James Hamilton, Data Center Futures
Bldg 99/2428, One Microsoft Way, Redmond, Washington, 98052
W:+1(425)703-9972 | C:+1(206)910-4692 | H:+1(206)201-1859 | JamesRH@microsoft.com
H:mvdirona.com | W:research.microsoft.com/~jamesrh | blog:http://perspectives.mvdirona.com
thanks for you!! Oyun.
I agree Robert. The engineering investment in Hadoop has been substantial. Many super-useful software projects like Hadoop and Memcache get huge contributions from services companies like Yahoo and Facebook.
I imagine that the soft cost way exceeds the hardware :)
How many engineers have paved the way inside Yahoo building this cool architecture making the test possible? 10-25-50? Over 2 or 3 years? 25 employees on the team over 2 years earning an average salary of 125k (salary could be way off) already pushes you well over 6.25 million + benefits.
I really like your thoughts on doing it with low power, that would be a cool stat to track..
Thanks for the update Arun.
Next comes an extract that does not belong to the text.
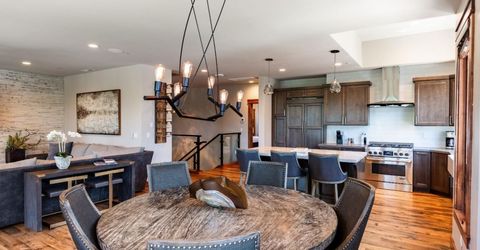 30 Lake Parkway, Unit 20, South Lake Tahoe, CA 96150 Photo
What’s the per node cost?
–jrh
jrh@mvdirona.com
James, there was a typo in the original blog post; it should have read:
2 quad core Xeons @ 2.0ghz per a node
rather than
4 dual core Xeons @ 2.0ghz per a node.
It’s been fixed since…
You wrote kW / hr instead of kW * hr
Thanks for the correction Ari and Nathan.
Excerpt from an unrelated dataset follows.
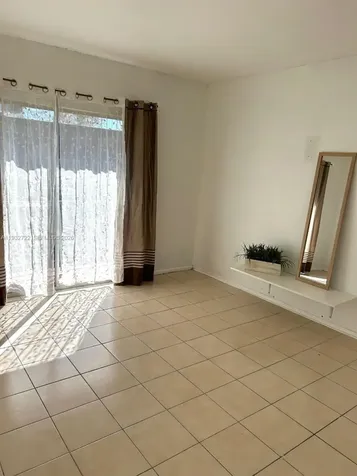 15385 S Dixie Hwy 22 Highway Palmetto Bay FL 33157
SteveL, you asked why not include storage and RHEL licenses. Storage is included. You can include RHEL if you want O/S support. I chose not to. DC costs are not included but I agree that power consumption is interesting and worth tracking.
–jrh
jrh@mvdirona.com
Given your cost assumptions the actual formula should be:
23 racks * (4.2k/rack switch + (40 servers/rack * $4k/server)) + $100k core switch = $3,876k.
I don’t follow your math. It looks like you’re accounting for the price of 40 nodes, not 910. Why?
Don’t forget the cost of 900 RHEL licenses plus the datacentre to house it all. Sort/KWh is kind of nice. Sort/$ could be good too, to compare EC2 with alternates. Upload the TB of data there and see how much AWS will bill you for the storage and then the sort itself.